### Extracted material
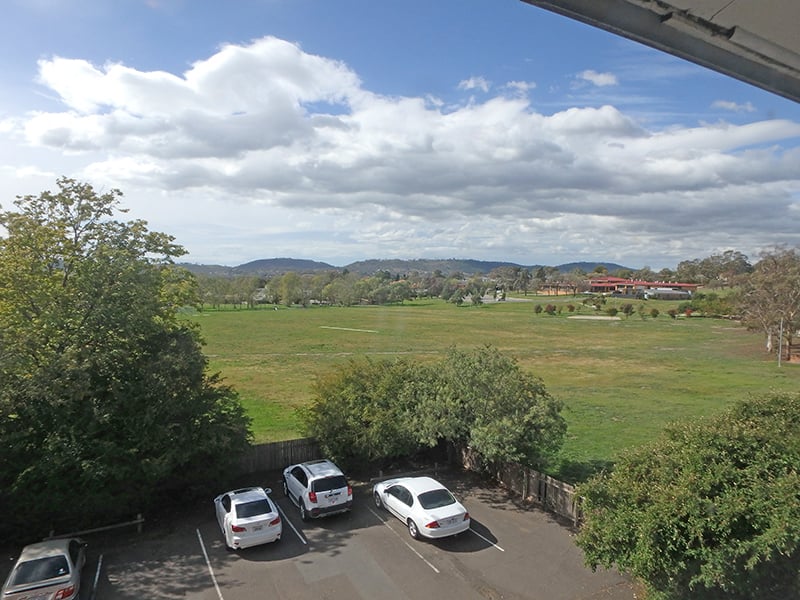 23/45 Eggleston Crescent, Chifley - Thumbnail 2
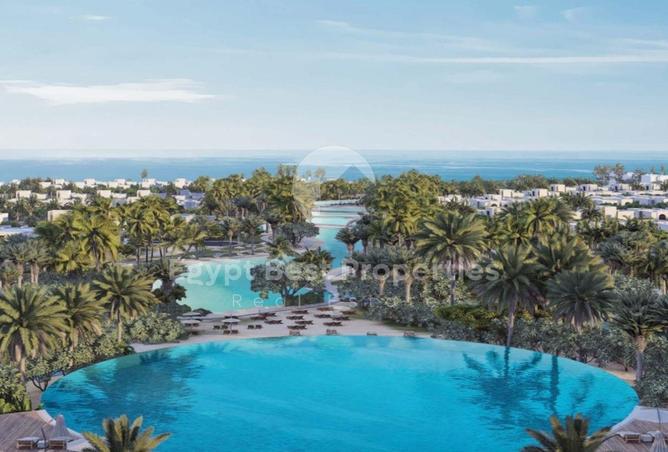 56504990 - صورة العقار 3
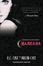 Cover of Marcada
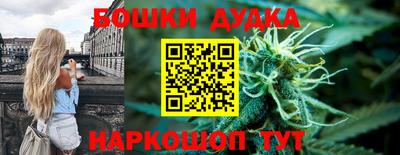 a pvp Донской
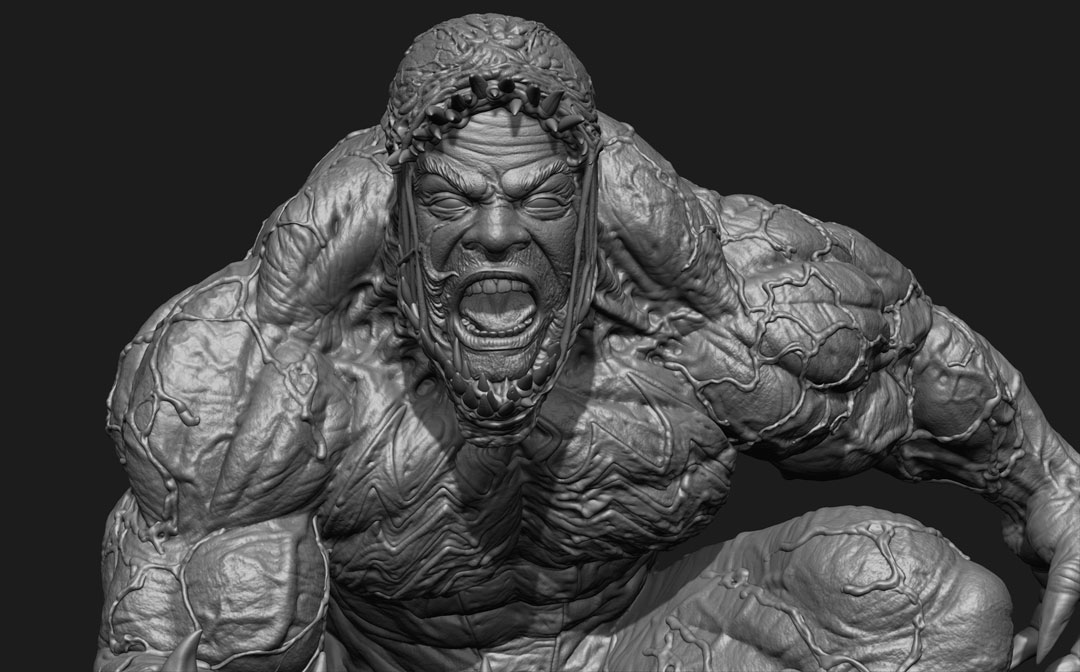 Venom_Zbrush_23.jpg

### Brief
Would you please print the entries once more, word for word, minus the pictures?

### Response to the exercise
 23/45 Eggleston Crescent, Chifley - Thumbnail 2
 56504990 - صورة العقار 3
 Cover of Marcada
 a pvp Донской
 Venom_Zbrush_23.jpg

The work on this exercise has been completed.